I played for our primary school up until I was 11 and then Dad and Mum decided I should go to a public school. Alas when I enrolled there I was not a happy bunny as they only played rugby and cricket. Ok for cricket I was deemed to be a good all rounder batted well at number 4 and second change bowler. My devious spin got them out. I hated rugby for in the scrum I disliked the idea of my nose being close the dirty arses of my fellow and opposition players. I had to suffer that awful game for a winter before a new sports master allowed football to be introduced into the curriculum.

I was to be a regular in the school soccer team and overjoyed at being made captain. This school also boasted a number of famous actors that had passed through the corridors of this elegant school of St Columbus. I found the pleasure of treading the boards a real delight. I was in 12 dramas and 3 pantomimes during my stay at this public school. With the name of Bare you would think that my nickname would be naked or nude, but no; the name I was given was weevil. I suppose because like the weevil I was into everything. Sub editor of the school magazine, playing cricket, football, acting etc.
I did unfortunately attract the attention of a couple of bullies. Who tried to deprive me of my satchel and various private items? I did manage to avoid them most of the time but they did rob me of my soccer boots and diary. They also used to prevent me from entering into the common room. I did not want an argument so I walked away. I did bide my time and when one of the bullies was confined to bed with food poisoning. Should have been both of them but the other one did not eat his porridge. I can own up now I put a concoction into their food to get my own back. Whilst the other bully was on his own and tried to taunt me I turned on him with anger (the bitten bites back) I was pushing his head against the wall. As I did so my eyes were closed so I could not see the blood pouring out of his head. No teachers were in the vicinity but when a shout from the watching crowd of boys was made very loudly. I opened my eyes and let his limp body fall to the ground. No prosecution was taken against me, as nobody would admit to seeing the incident. My former assailant to his credit did not reveal my name. In our school telling tales was strictly taboo. If anybody broke this unwritten rule, woe betides him, as his fate would have been horrendous. I wont go into too many details but to say that one boy caught telling tales was hung from a tree by his feet. He was not rescued until a housemaster heard his cries some time later after his ridicule had been put into operation.

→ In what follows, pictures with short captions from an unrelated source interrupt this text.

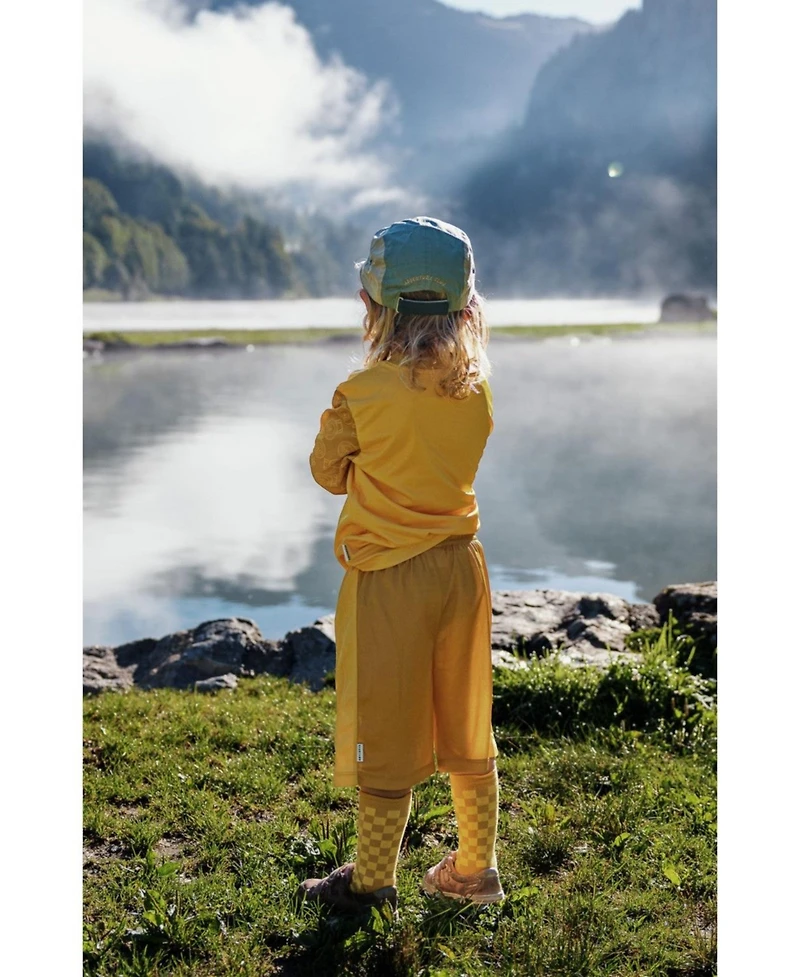 Roarsome Kids Cub Riders Shorts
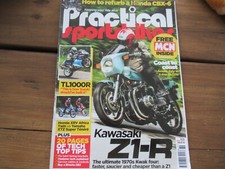 practical sportsbike magazine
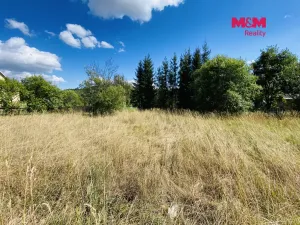 Prodej pozemku pro bydlení, Rýmařov - Jamartice, 2551 m2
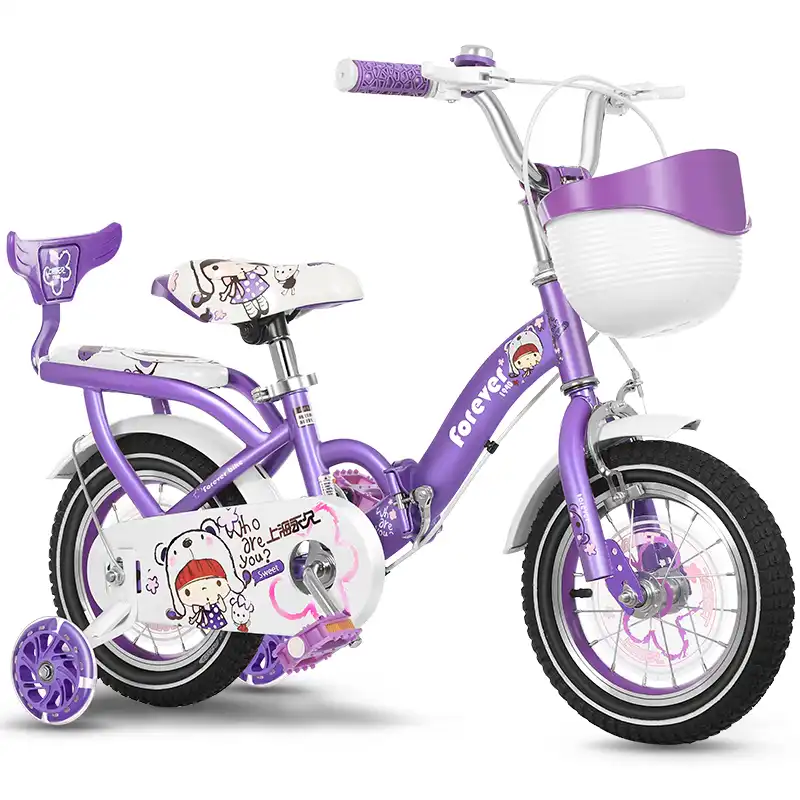 2 year baby bicycle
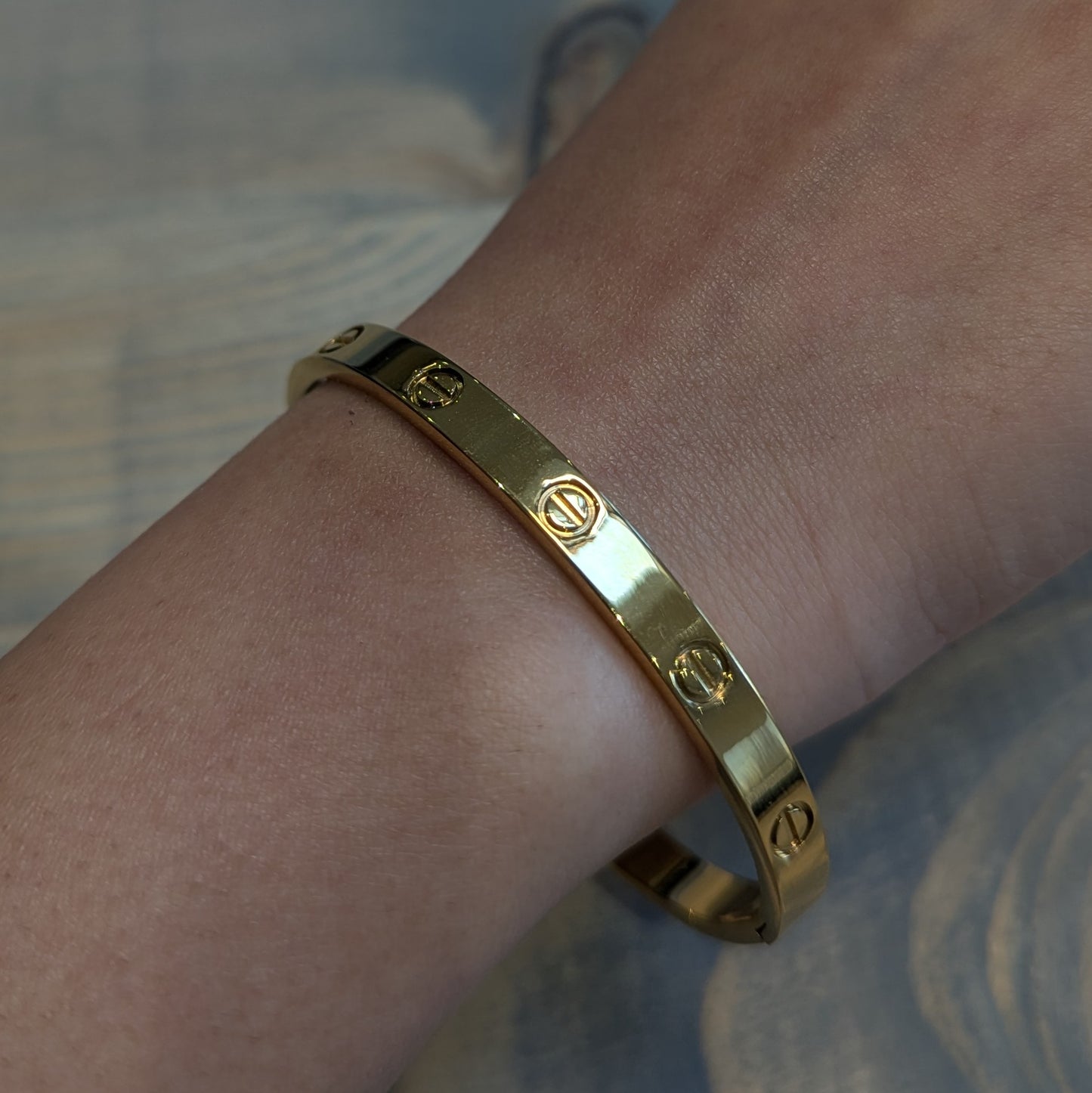Laila bangle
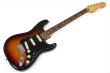 画像2: Fender　Limited Edition Player II Stratocaster, Rosewood Fingerboard, Sparkle 3-Color Sunburst (2)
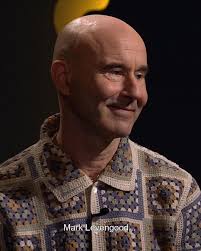 Ikväll gästar hela Sveriges fundraiser-king, Mark Levengood, oss. Hör om  hans raseriutbrott på Gullmarsplan i Stockholm i Cyklopernas land 22:30 i  SVT1. På play från 17:00. #cyklopernasland ...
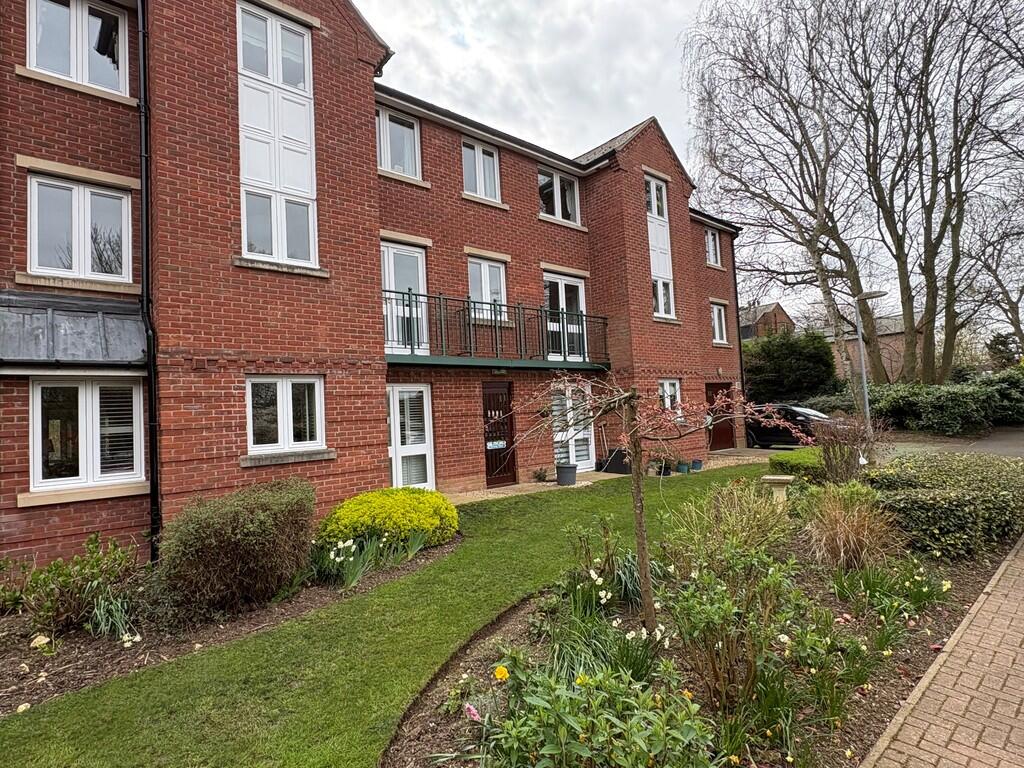 Main image of property: Georgian Court, Spalding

My Grandparents were an old fashion couple and had no time for electric. They used oiled fired lamps at night and the radio was powered by battery. My Grandfather demanded silence when the Archers were on (an every day story about country folk) This serial’s still on the radio today and probably the worlds longest running radio drama. Though my grandparents house was large with 6 bedrooms an outhouse, kitchen, pantry, Dinning room, lounge, reception room (no internal bathroom or running water).  A standpipe outside the garden gate was the nearest water point .The toilet was outside behind the back of the house through the orchard. It was a wooden hut and a plank with a hole in it, sufficient for the bum to sit on. I can still remember the time as a child I almost fell down the hole and I had nightmares of this incident in the nights that followed.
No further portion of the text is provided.